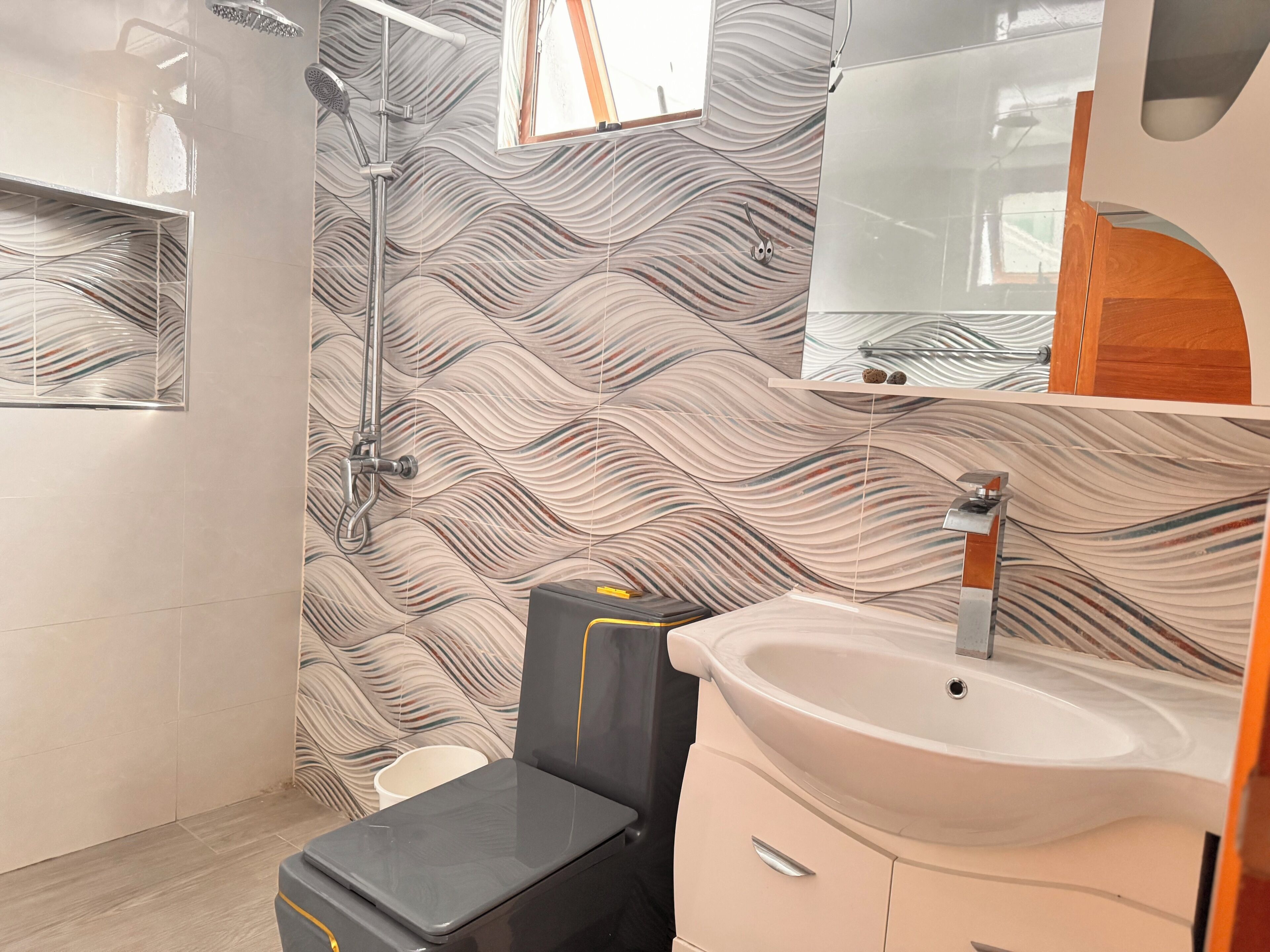 Un baño con ducha, lavamanos y espejo.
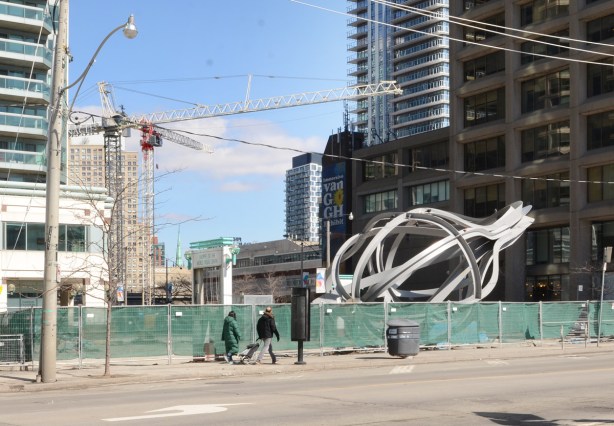 two people walking past a site with a green fence, a sculpture behind the fence, new buildings and new construction in the background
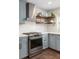 Modern kitchen features floating shelves, stainless steel appliances, and hexagon tile backsplash at 5321 Dover Ne St, St Petersburg, FL 33703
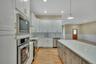 Kitchen featuring a wainscoted wall, appliances with stainless steel finishes, light wood-type flooring, light stone countertops, and hanging light fi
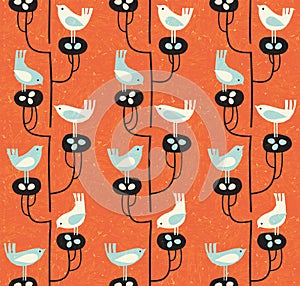 Cute mid-century style seamless pattern with birds on nests with eggs.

--- --- ---

WHAT TO PRODUCE - The output is the data above, repeated exactly, with pictures omitted.

SOLUTION BELOW -
 Un baño con ducha, lavamanos y espejo.
 two people walking past a site with a green fence, a sculpture behind the fence, new buildings and new construction in the background
 Modern kitchen features floating shelves, stainless steel appliances, and hexagon tile backsplash at 5321 Dover Ne St, St Petersburg, FL 33703
 Kitchen featuring a wainscoted wall, appliances with stainless steel finishes, light wood-type flooring, light stone countertops, and hanging light fi
 Cute mid-century style seamless pattern with birds on nests with eggs.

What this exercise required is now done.